Thursday 16 August 2012

Alliance Financial Group - Better than Expected Loans Growth


AFG's net profit was in line with consensus and our expectations, representing 23% of our full-year forecast. Net profit declined 4.2% y-o-y, mainly attributable to high overhead costs on human capital and technology (+11.8% y-o-y). However gross loans exceeded expectations with growth of 14.2% y-o-y. The group’s asset quality remains intact as its net impaired loans ratio improved further to 2.4%. In view of the share price run-up recently, we downgrade our call to TRADING BUY, with fair value raised to RM4.68, pegged to 1.8x FY13f P/BV.
Marginally solid. AFG’s 1QFY13 net profit declined 4.2% y-o-y and represented 23% of our full-year forecast, mainly attributable to high overhead expenses (+11.8% y-o-y) on investments in human capital and technology. This also drove cost-to-income ratio to 50.5%, however we expect to see this normalized moving forward. Net interest income grew 4.8% y-o-y, on the back of strong loans growth but was offset by NIMs at a further compression of 5bps q-o-q. Non-interest income reported an increase of 4.0% y-o-y, largely driven by transaction banking and gain from redemption of financial assets, but was however offset by unrealized foreign exchange losses from the treasury division.
Loans growth better than expected. Overall loans growth was reported at a strong 14.2% y-o-y, driven by residential mortgages (+15.9% y-o-y), business loans (+14.3% y-o-y) and consumer segment (+12% y-o-y). Loans growth outpaced customer deposits growth, which also recorded a double-digit increase of 11.7% y-o-y. Loans-to-deposit increased slightly to 81.8%, in line with management's guidance of 85% for a more effective asset liability management, a level which is still well below industry average.
Asset quality still resilient post MFRS 139. The group’s impaired loans ratio improved to 2.4% from 3.0% a year ago, with the loan loss coverage ratio improved to 86.6% from 79.9 y-o-y. For this quarter, AFG transferred RM109.7m from individual assessment allowance (IA) to collective assessment allowance (CA). We view this transfer as a one-off event as most of it consists of individual performing loans >RM1m that were parked under IA prior to implementation of FRS 139. Moving forward, management has indicated that the credit charge would be targeted at around 10bps below 1.50% which is seen at this quarter. The group’s core Tier 1 equity capital ratio stood at 11.6%.

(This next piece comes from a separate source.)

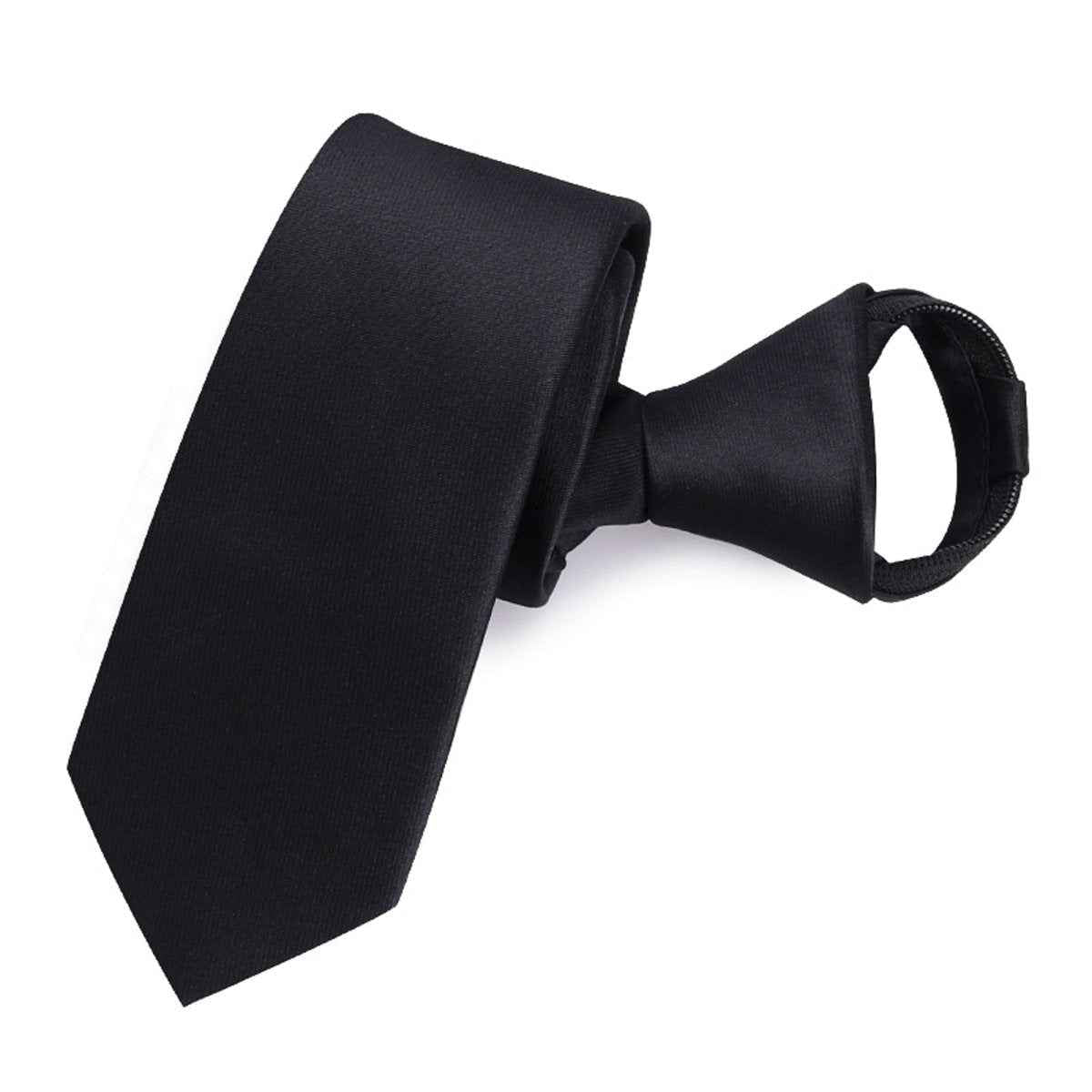 Solid black pre-tied zipper necktie with adjustable loop, polyester men's business accessory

TRADING BUY. We are imputing a higher loans growth forecast of 12.5%, up from 7.0% previously, but are adjusting our NIM forecast at 1.9% and cost of funds at 2.2%. Our fair value for the stock is raised to RM4.68 from RM4.41 previously, premised on a FY13 P/BV of 1.8x (14.0% ROE, 9.5% COE and 4% growth rate).

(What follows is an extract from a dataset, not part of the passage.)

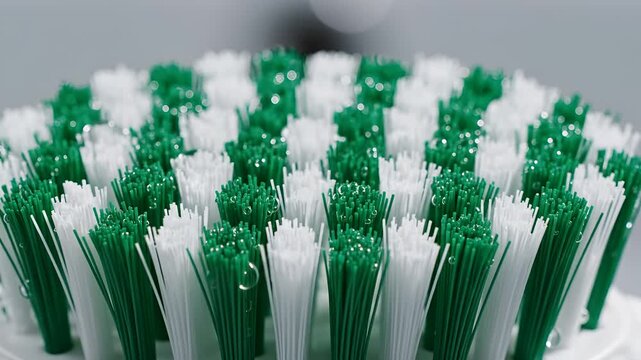 Close up of green and white toothbrush bristles for dental hygiene.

No change in long-term targets. Management expects to continue to maintain double-digit loans growth, underpinned by the core segments of SME loans and resilient growth from the residential mortgage loans. We also expect to see a new driver coming from a reversal in the contraction of HP financing, as management has indicated that AFG will re-enter this previously inactive business segments and the results should materialize from 2Q-3Q2013 onwards. Loans-to-deposit ratio has some room for leverage with a few ticks up to a still healthy 85% to accommodate for the aggressive loans growth. The deposits segment will be further improved by current and savings account (CASA) ratio targeted to reach 35%, as management has decided to free off the more costly fixed deposits. Another support will come from a resilient asset quality, with gross impaired loans ratio continue to ride on a trend of consistent improvement since 4QFY08
Remain SME-focus coupled with prudent management. Management also believes the SME loans portfolio will remain safely collateralized, partly attributed to the non-residential segment. AFG uses a prudent approach for loans approval to the SME customer base; they are more likely to provide loans to business operators in the downstream segment of the supply chain as the quicker time for loan repayment from this segment carries less uncertainty. The improved turnaround time for processing of loans will also help AFG to gain further market share in SME segment, as loan application to disbursement for SME financing takes approximately a week, while loans approval typically takes just 2-3 days.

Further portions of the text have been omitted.